(Aim of the exercise) Skip the pictures. Set down, word for word, the lines from the start of the material up to and including the line with "Supreme Brand New".

(Data provided)
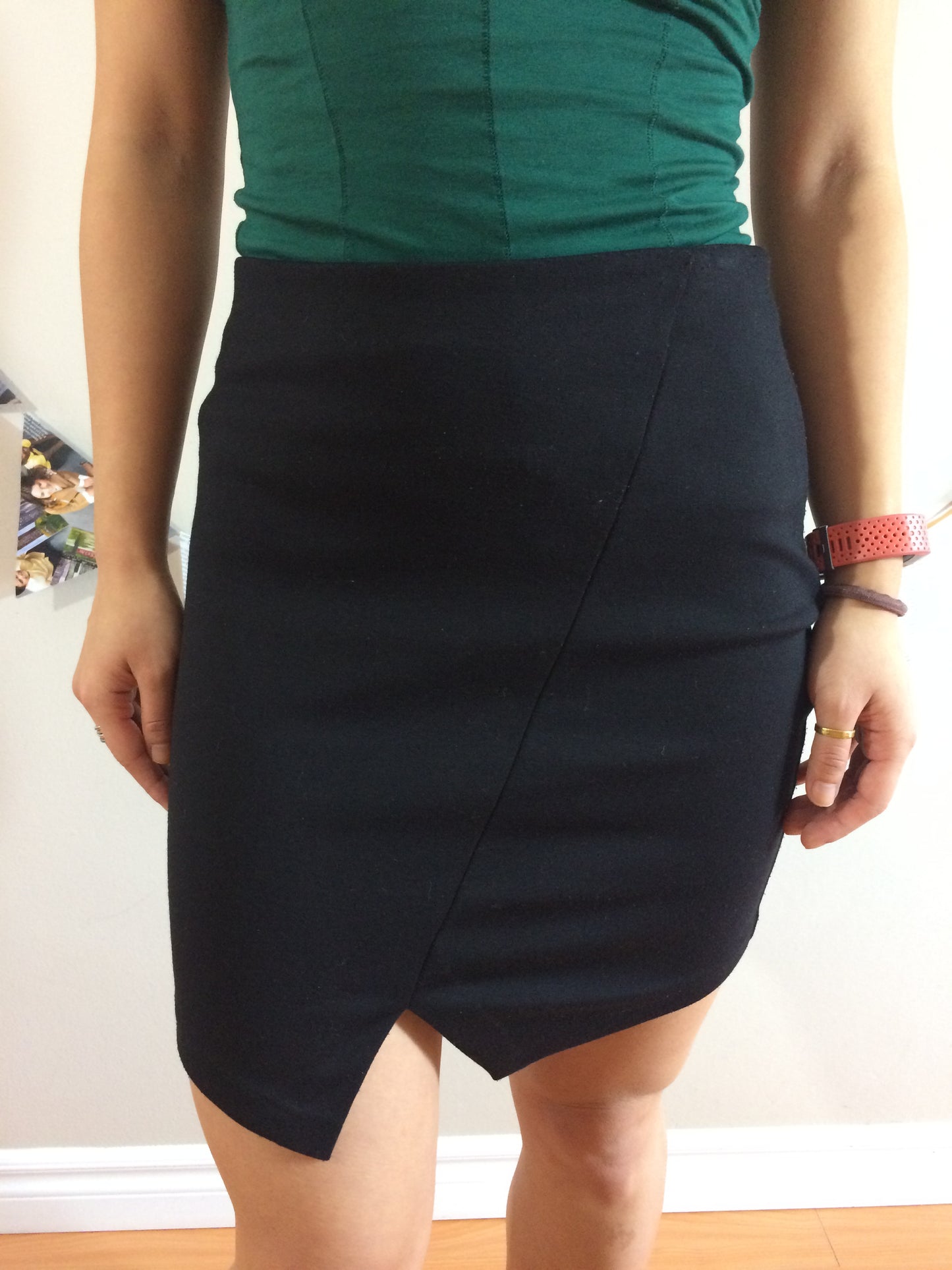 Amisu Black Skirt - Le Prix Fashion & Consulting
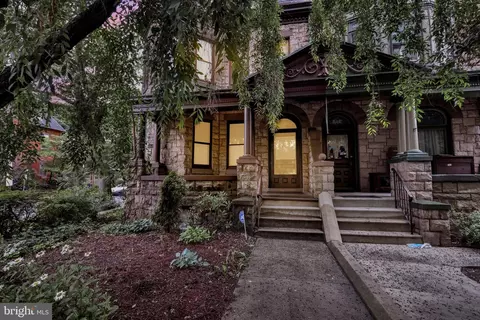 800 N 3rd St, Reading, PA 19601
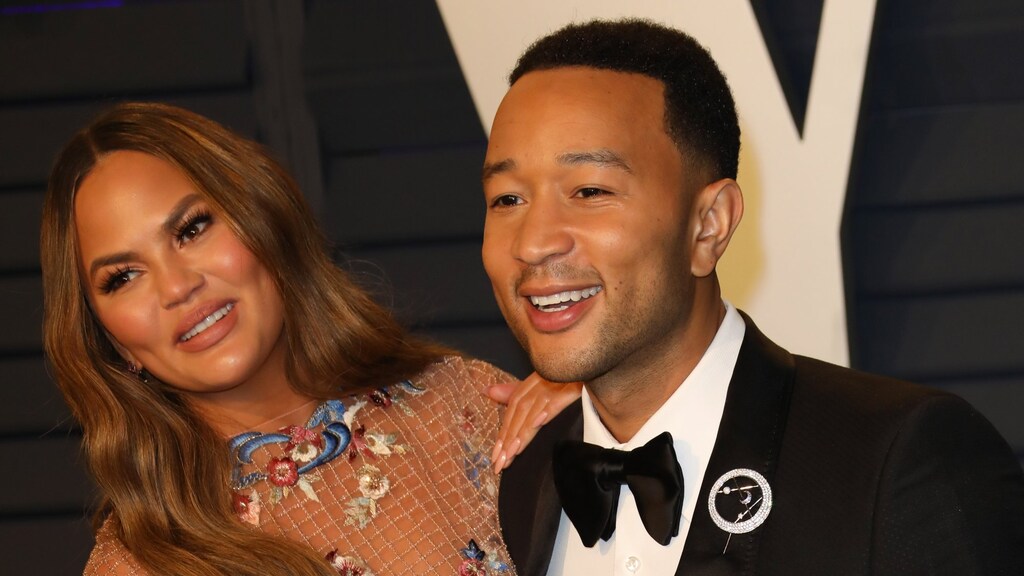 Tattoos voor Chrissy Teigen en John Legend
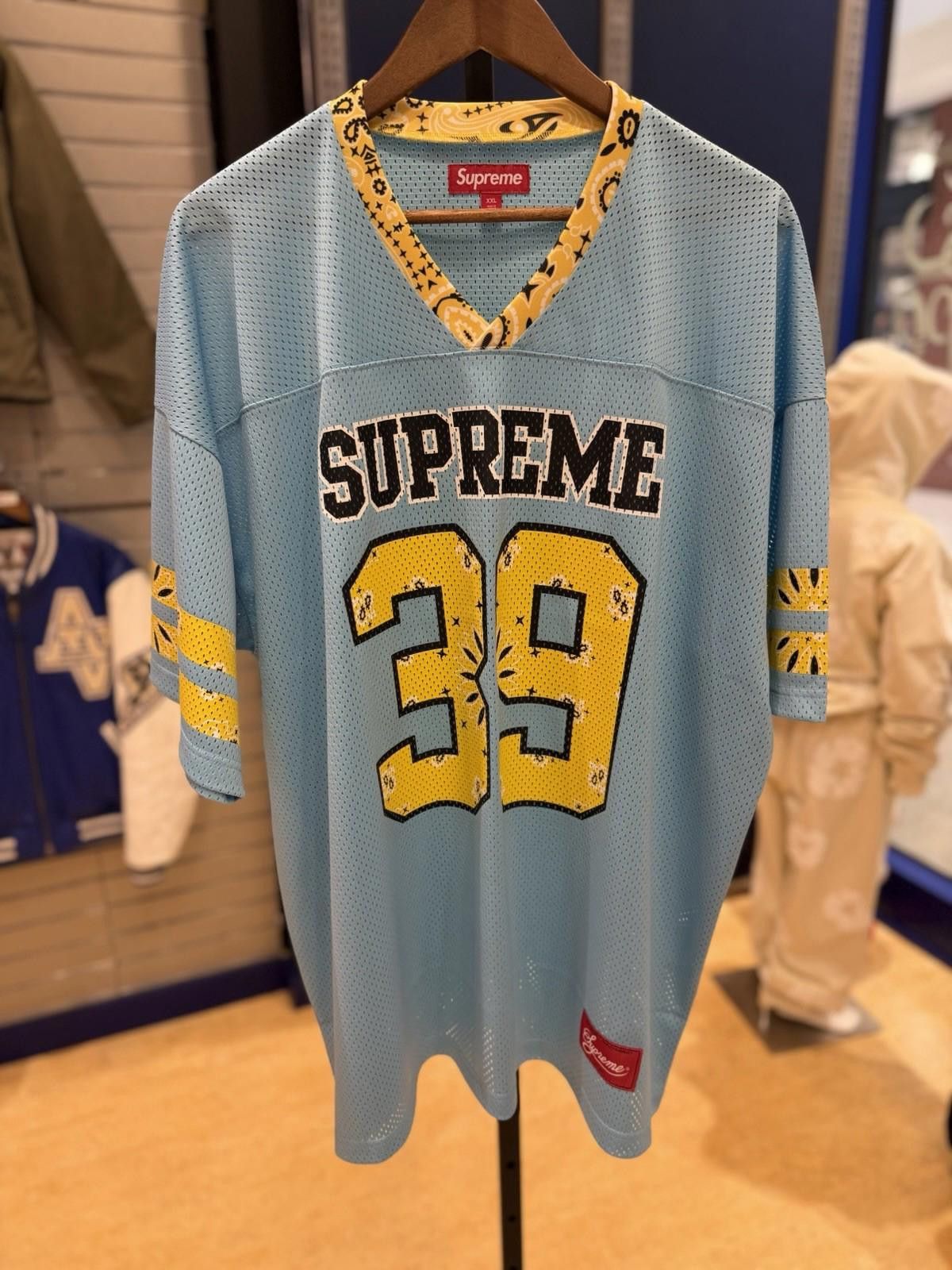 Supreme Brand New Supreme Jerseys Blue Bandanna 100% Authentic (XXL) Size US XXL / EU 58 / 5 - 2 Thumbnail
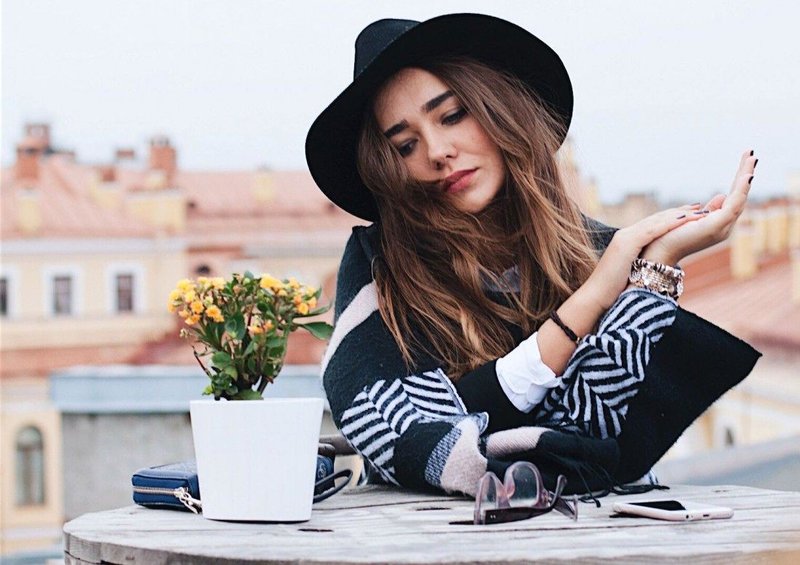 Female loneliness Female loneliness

(Response to this task)
 Amisu Black Skirt - Le Prix Fashion & Consulting
 800 N 3rd St, Reading, PA 19601
 Tattoos voor Chrissy Teigen en John Legend
 Supreme Brand New Supreme Jerseys Blue Bandanna 100% Authentic (XXL) Size US XXL / EU 58 / 5 - 2 Thumbnail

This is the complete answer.